The interaction term between digital inclusive finance and rural human capital (DIFI*HR) is constructed and incorporated into the spatial Durbin model for testing. As shown in columns (1) and (2) of Table 8, the spatial lag term of the interaction between digital inclusive finance and rural human capital (W*DIFI*HR) is significantly positive, indicating that digital inclusive finance plays a positive moderating role in enhancing contribution of rural human capital to AWP in other regions. This result aligns with the conclusions of Lee and Wang (2022). One possible explanation for this phenomenon is the dual role of digital inclusive finance in facilitating both knowledge spillovers and improved financial accessibility.

Table 8

Table 8. Regulatory mechanism test.

On the one hand, regions with advanced digital inclusive finance systems tend to exhibit a higher degree of digital infrastructure development. The establishment of cross-regional digital registration systems and integrated information management platforms significantly reduces spatial barriers to the dissemination of knowledge and the transfer of green agricultural technologies. As a result, the technical expertise and sustainable production practices of highly skilled laborers can diffuse more efficiently to adjacent regions, contributing to the broader enhancement of AWP beyond local boundaries.
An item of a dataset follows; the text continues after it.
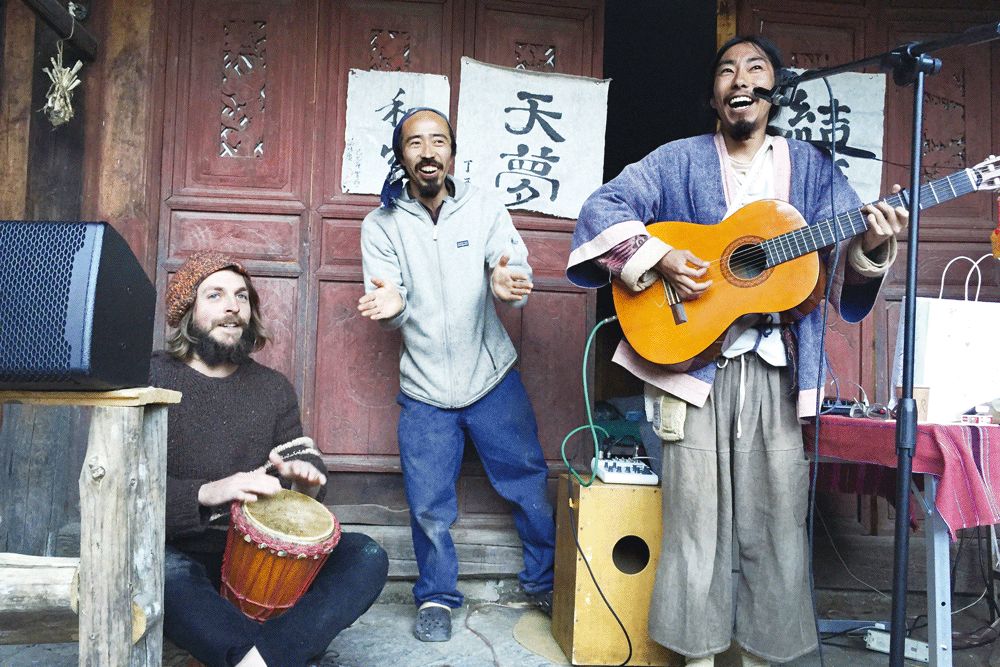 这个年轻人不上班不买房，在大理种地7年，生活过成了这样……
On the other hand, digital inclusive finance improves the accessibility and efficiency of financial services, especially in geographically dispersed rural areas. By mitigating the challenges of financial exclusion, digital inclusive finance enables educated and trained farmers to obtain green production capital at lower costs through digital payment systems and online credit services. Moreover, digital platforms enable farmers to participate in agricultural cooperative networks, promoting the sharing of green development resources across regions. This interconnectedness allows farmers in neighboring areas to access essential inputs, knowledge, and services for sustainable agricultural practices, thereby further promoting improvements in AWP at a regional scale.

4.6.2 The moderating role of resource mismatches

This study explores the moderating effects of resource mismatches on the relationship between rural human capital and AWP from two distinct dimensions: labor misallocation and capital misallocation.

4.6.2.1 Moderating effect test of capital mismatch

As shown in columns (3) and (4) of Table 8, the spatial lag coefficients of the interaction terms between capital misallocation and rural human capital (W*CM*HR) are significantly negative. This indicates that capital misallocation weakens the positive impact of rural human capital on AWP, acting as a negative moderator. The findings also highlight the presence of spatial spillover effects, suggesting that inefficiencies in capital allocation can hinder the cross-regional transmission of human capital benefits.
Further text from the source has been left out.